_Supplied material_
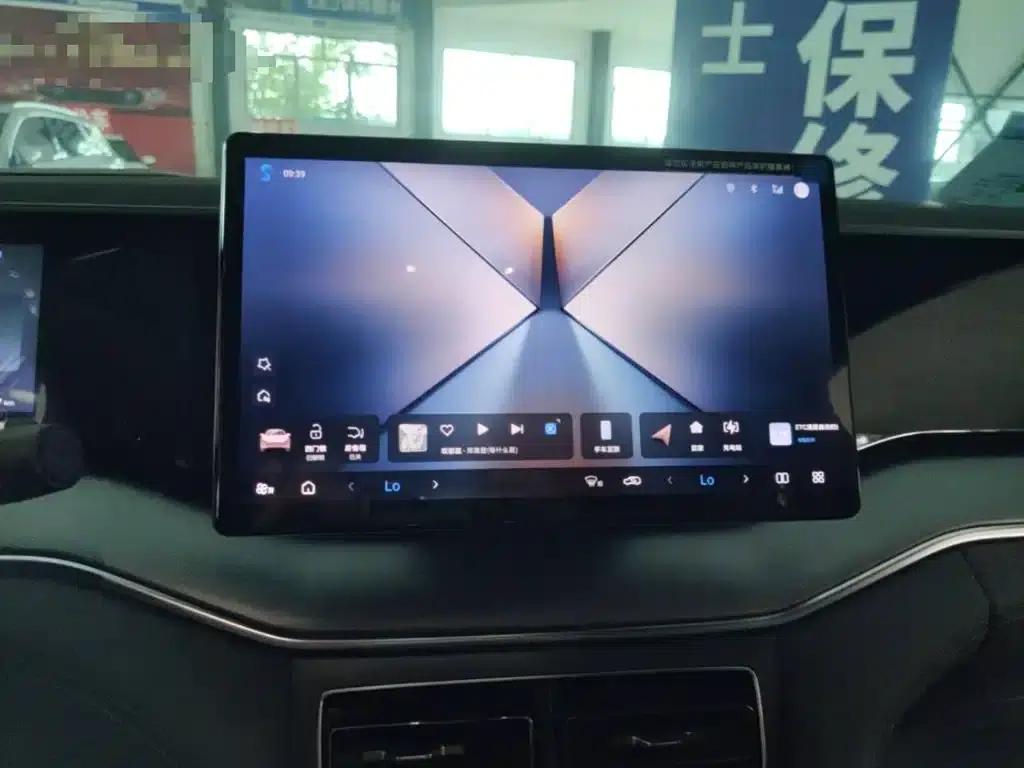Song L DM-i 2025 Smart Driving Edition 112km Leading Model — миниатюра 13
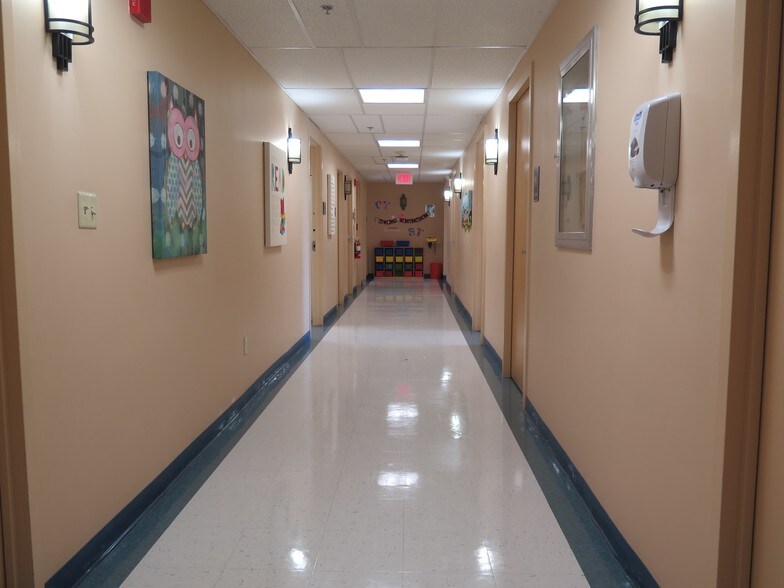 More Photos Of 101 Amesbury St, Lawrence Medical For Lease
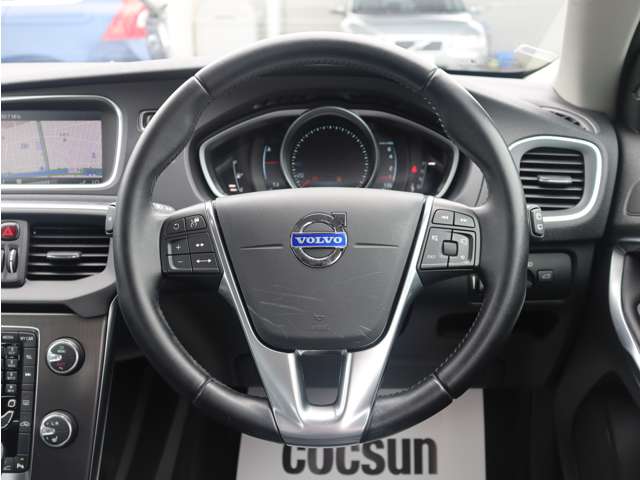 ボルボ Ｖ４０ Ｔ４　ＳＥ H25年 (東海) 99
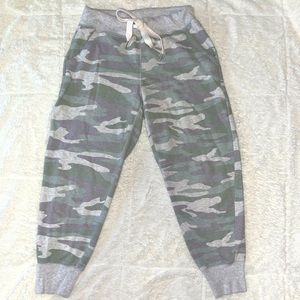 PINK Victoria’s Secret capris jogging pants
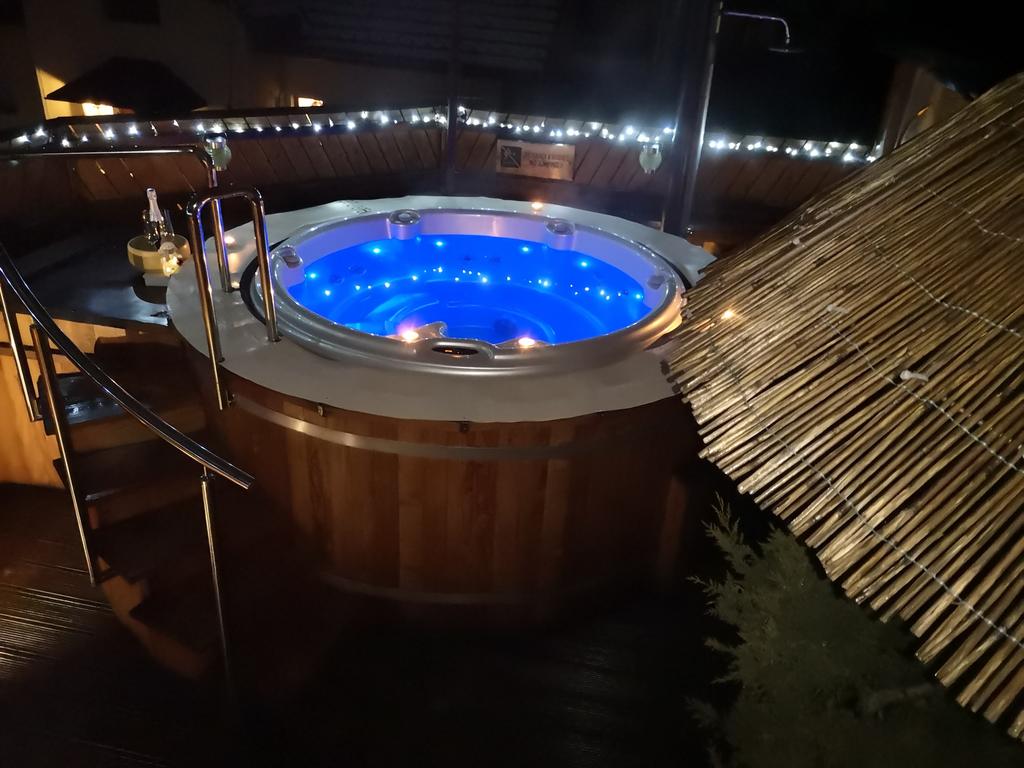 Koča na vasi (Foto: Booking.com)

_Action item_
What is needed is every entry above, repeated exactly, with the pictures dropped.

_Answer to this exercise_
Song L DM-i 2025 Smart Driving Edition 112km Leading Model — миниатюра 13
 More Photos Of 101 Amesbury St, Lawrence Medical For Lease
 ボルボ Ｖ４０ Ｔ４　ＳＥ H25年 (東海) 99
 PINK Victoria’s Secret capris jogging pants
 Koča na vasi (Foto: Booking.com)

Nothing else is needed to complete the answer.